Hier encore, il était de notoriété publique que la vie politique se finançait via les grands travaux et les petits pots-de-vin, les valises de billets et il était d’usage de parler de « fiefs électoraux » où de petits marquis cumulaient les mandats électifs.
Une féodalité se constituait en marge des normes républicaines et à l’ombre des lois et des tolérances, des silences et des complicités.
Suite à certains scandales retentissants, grâce à des juges courageux et des journalistes honnêtes, des lois encore insuffisantes intervinrent pour « moraliser » la vie publique en contrôlant les dépenses électorales, en surveillant les enrichissements personnels des politiques au cours de leurs mandats, mais l’esprit féodal demeure et d’aucuns déplorent que la république des juges fasse échec à la république des copains et que le cumul des mandats électifs ne soit plus possible, comme au bon vieux temps des abus et du clientélisme local.

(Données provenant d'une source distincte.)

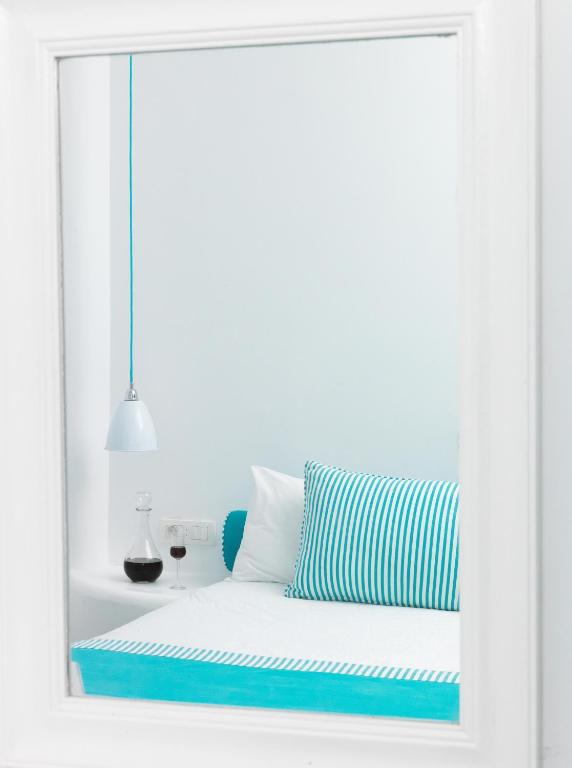 Evgenia Villas & Suites by Calm Collection - 13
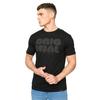 Crosshatch Mens Transflate T-Shirt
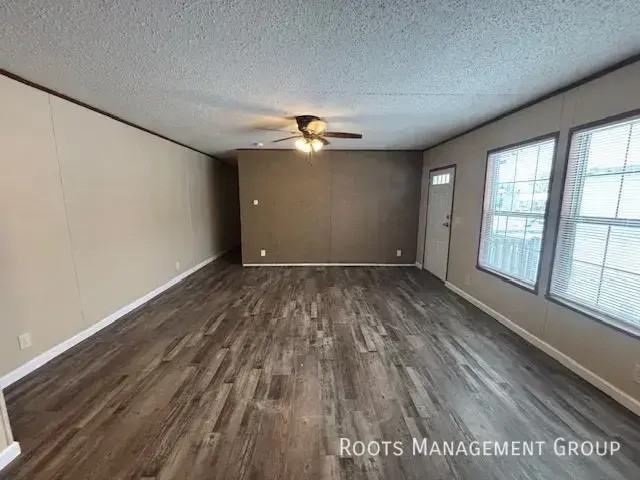 112 Cherry Hill Dr. #112 - Photo 5 of 15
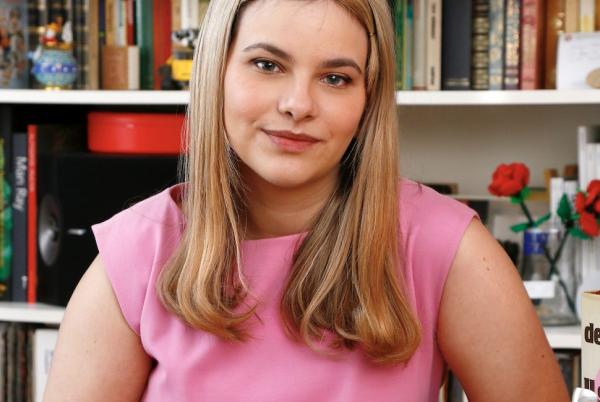 Il femminismo non è un brand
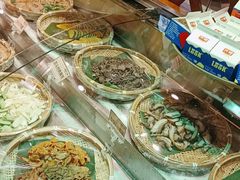 -耕渔小院·湖南鱼鲜(望城店)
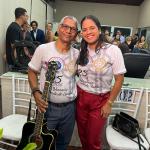 Quarta-Edição-Prêmio-Mulher-Guerreiras-2022-Instituto-Alaide-Lopes (143)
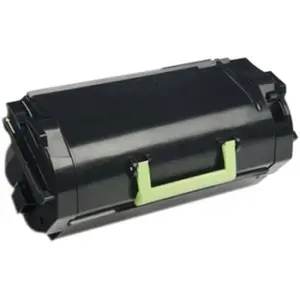 621 Toner Cartridge
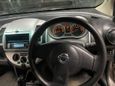  Nissan Note 2006 , 359000 , 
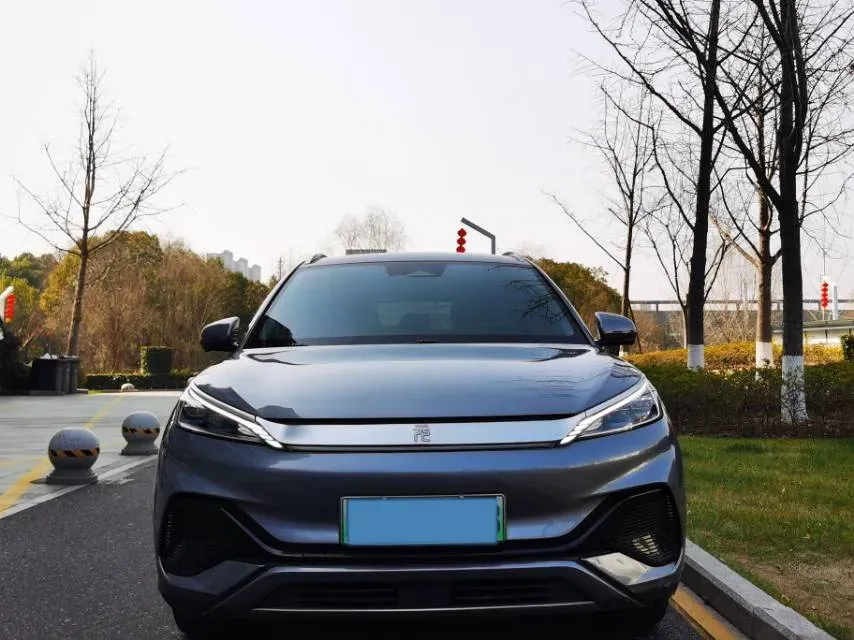 2022 Roewe RX5 MAX 1.5T 181HP L4 6AT,autocango,china used car exporter,china ev exporter,chinese used car exporter,chinese used ev exporter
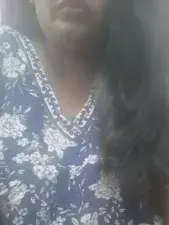 Dscgirls Nude Webcam of LustyyDiva69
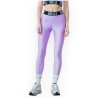 LEGGINGS IN LYCRA GAELLE GAABW00396PTTS0001 VI05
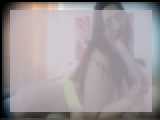Why not cam2cam with SophiaBliss: Live orgasm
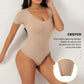 KATIA Body Shaper Tummy Control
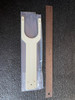 Ceramic Y1501004-01a End Effector for Robot Arm - New
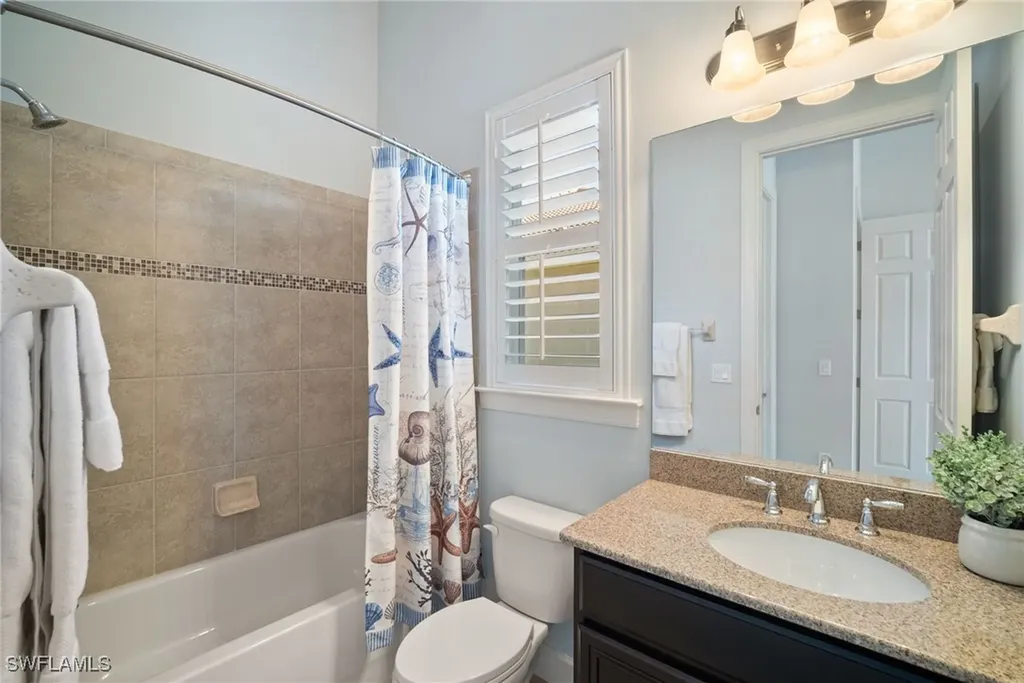 12819 Kingsmill Way Fort Myers FL 33913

Or, il n’y a de démocratie mature et honnête que dans la séparation des pouvoirs et dans leurs contrôles réciproques : le législateur fait la loi, le gouvernement l’exécute, le juge dit le droit et tranche les litiges et tout ceci dans un esprit d’impartialité.
Hors de cette norme, il n’y a pas de démocratie authentique.
Rappelons aux élus, (si souvent bien mal élus par une minorité de citoyens) que leurs mandats leur assignent des prérogatives institutionnellement définies et limitées, mais que le suffrage ne confère pas une onction divine attribuant des privilèges exorbitants.
Les élus sont soumis à l’état de droit.
Ils ne doivent pas user de leurs fonctions pour enrichir un gendre ou un copain, renvoyer un ascenseur en offrant un lotissement, une voie publique à une activité privée au détriment de la biodiversité et de la qualité de la vie des citoyens ordinaires non membres du clan et non clients soumis du décideur .
Dans une société mercantile, cultivant la cupidité, la corruption banalisée reste le mal endémique du pays.
Honneur aux élus, aux préfets, aux magistrats qui servent l’état de droit et la probité, parfois à leur détriment de carrière et qui résistent aux petits arrangements entre amis.
C’est une question de caractère.
Tout homme a un jour à choisir entre être Jean MOULIN ou Maurice PAPON.
Citoyens, réveillez vous !
N’acceptez pas la corruption et exigez un état impartial et honnête.
Je ne connais pas les tenants et aboutissants de l’affaire qui valut à Madame Marie LAJUS, préfète d’Indre et Loire, une révocation, mais ce que j’en lis me paraît inquiétant et je lui exprime mon respect pour son courage, sa probité, sa capacité à refuser la loi de l’argent qui putréfie tout.
Par tempérament, beaucoup s’inclinent et préfèrent une injustice à un désordre.
Ils souffrent du syndrome de PONCE PILATE et qualifieront volontiers de « terroristes » ceux qui sont des « résistants ».
L’Histoire juge et rend hommage à ceux qui un jour, contre leurs intérêts personnels, surent dire : « NON ».